What you have to do: Every entry below must be repeated exactly; skip the pictures.
---+---
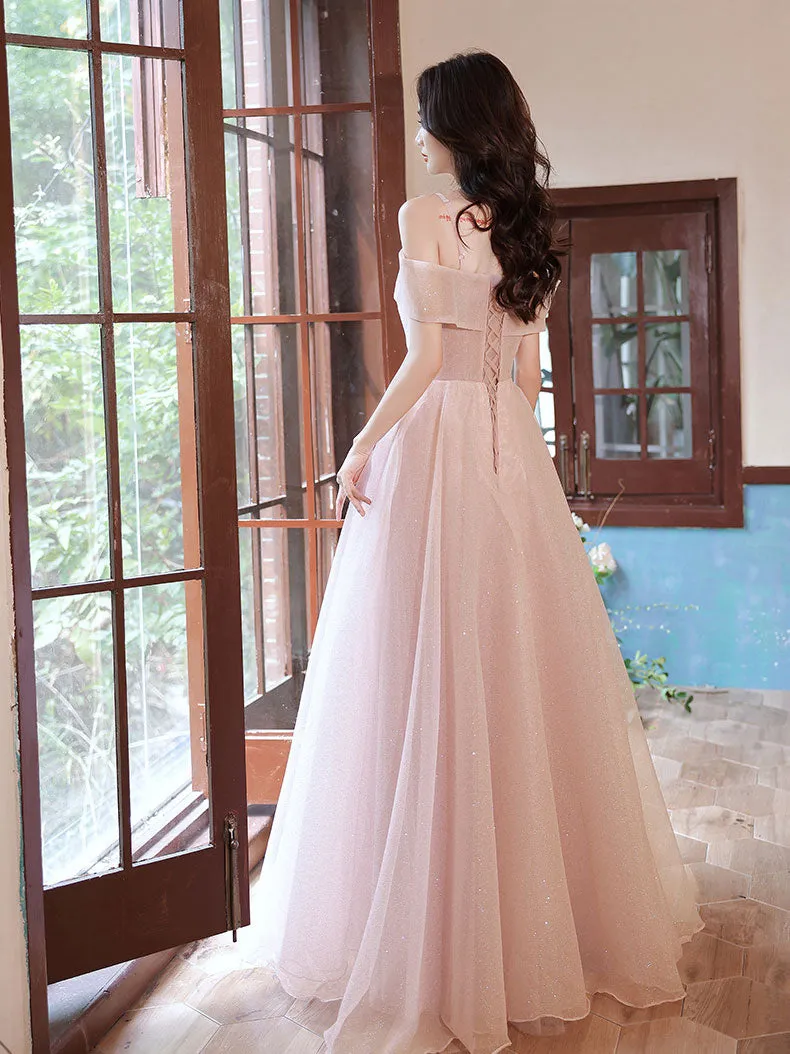 Pink Off Shoulder Long Prom Dress, Off Shoulder Pink Party Dress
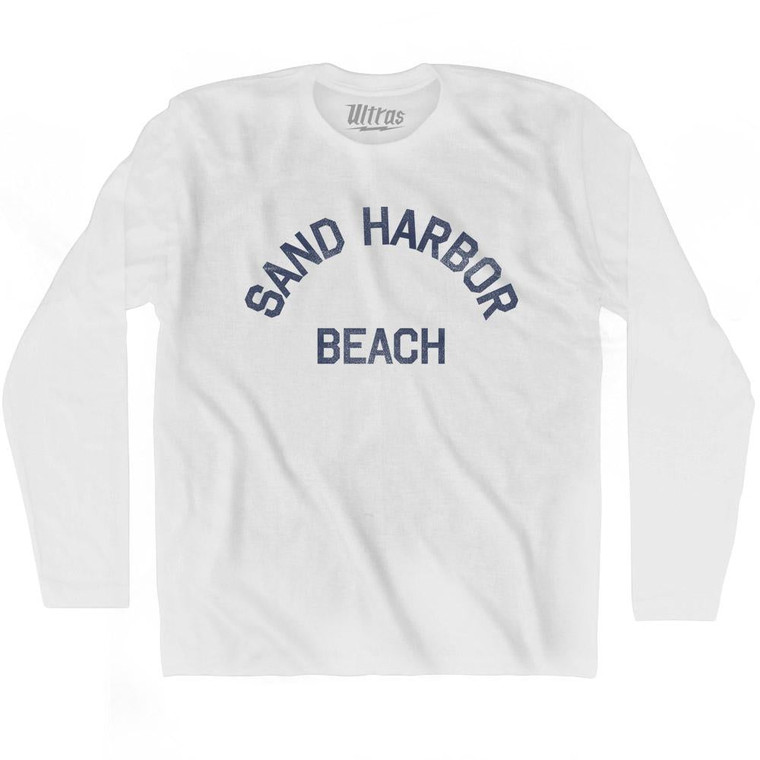 Nevada Sand Harbor Beach Adult Cotton Long Sleeve Vintage T-shirt - White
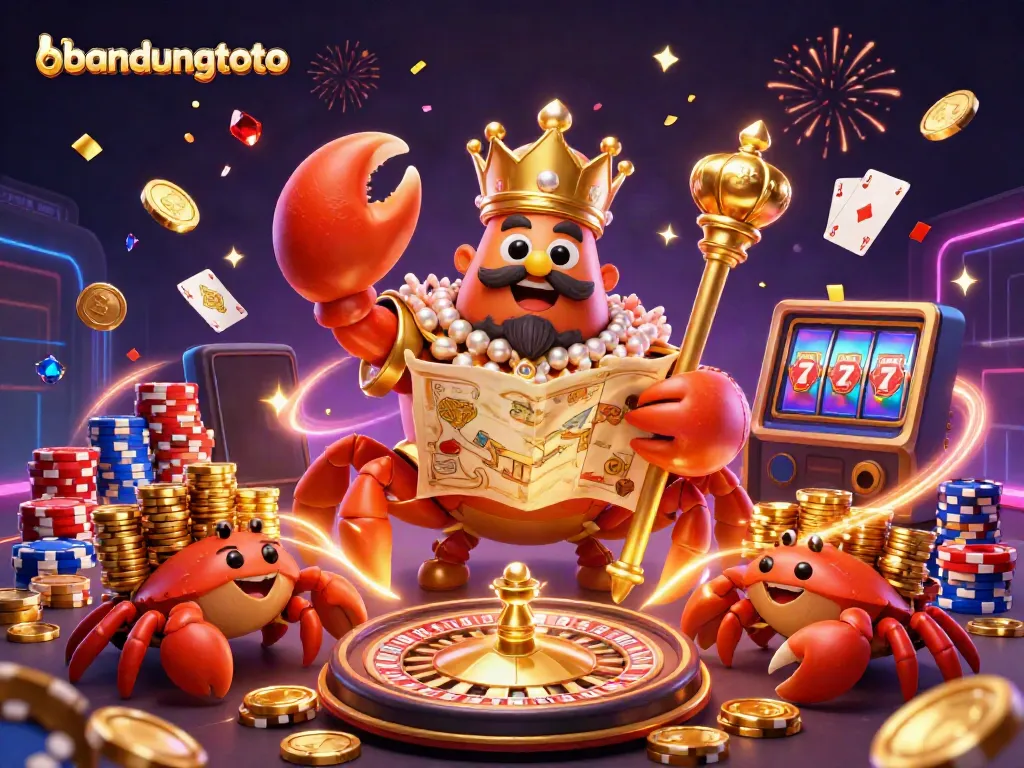 Experience the excitement of bandungtoto with a golden crab emperor and stunning casino elements.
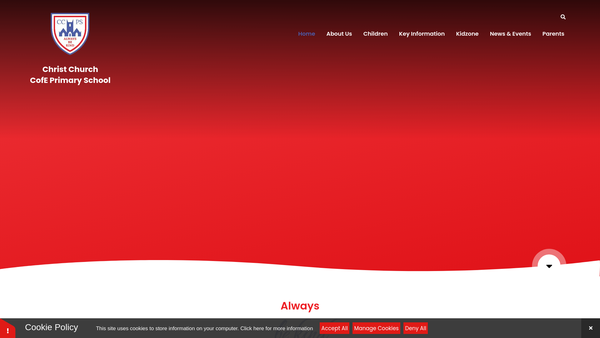 Screenshot of the Christ Church Primary School Parents And Friends Assoc. website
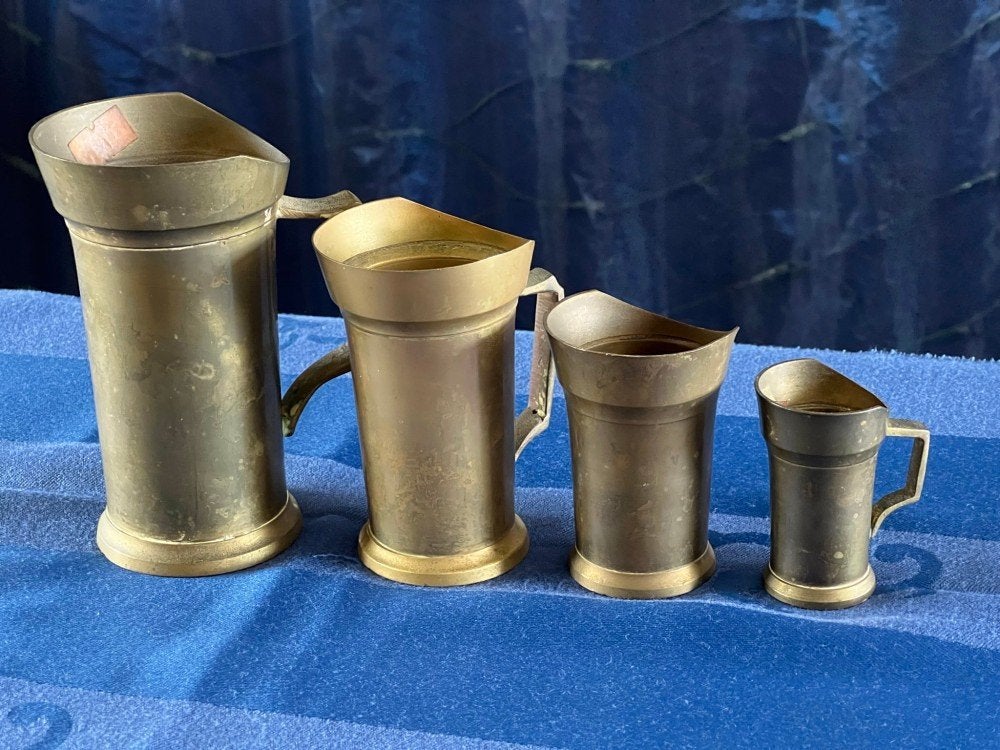 4 koperen bekertjes, Antiek en Kunst, Ophalen of Verzenden, Koper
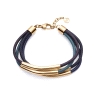 PULSERA ACERO IP DORADO MULTIPLE Y PIEL                               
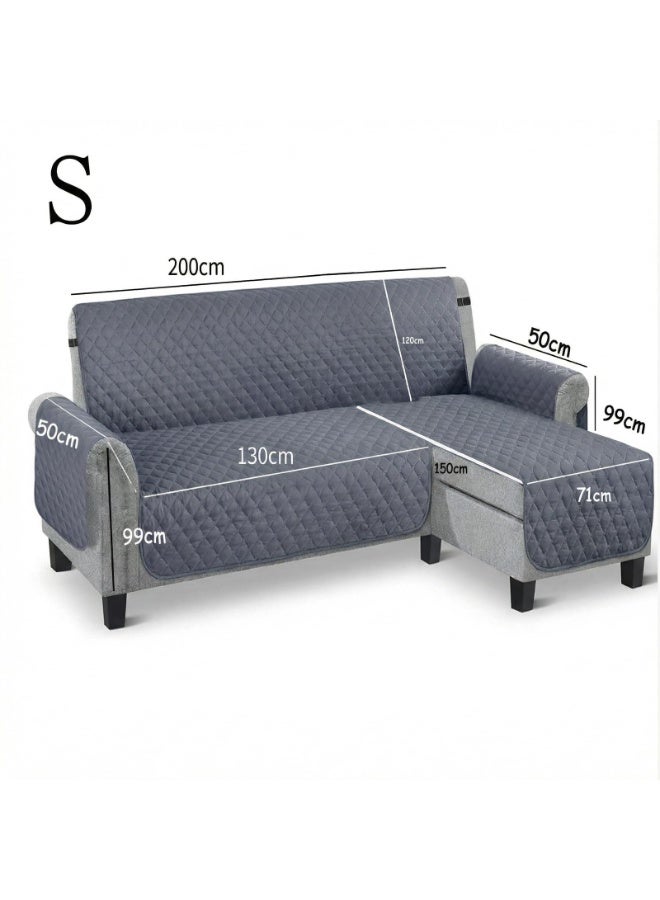 L Shape Sectional Sofa Cover, Reversible Chaise Lounge Slipcover, Washable Non-Slip Stain Resistant Furniture Protector, Dark Grey, Small - Image 4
---+---
Response for this exercise:
 Pink Off Shoulder Long Prom Dress, Off Shoulder Pink Party Dress
 Nevada Sand Harbor Beach Adult Cotton Long Sleeve Vintage T-shirt - White
 Experience the excitement of bandungtoto with a golden crab emperor and stunning casino elements.
 Screenshot of the Christ Church Primary School Parents And Friends Assoc. website
 4 koperen bekertjes, Antiek en Kunst, Ophalen of Verzenden, Koper
 PULSERA ACERO IP DORADO MULTIPLE Y PIEL                               
 L Shape Sectional Sofa Cover, Reversible Chaise Lounge Slipcover, Washable Non-Slip Stain Resistant Furniture Protector, Dark Grey, Small - Image 4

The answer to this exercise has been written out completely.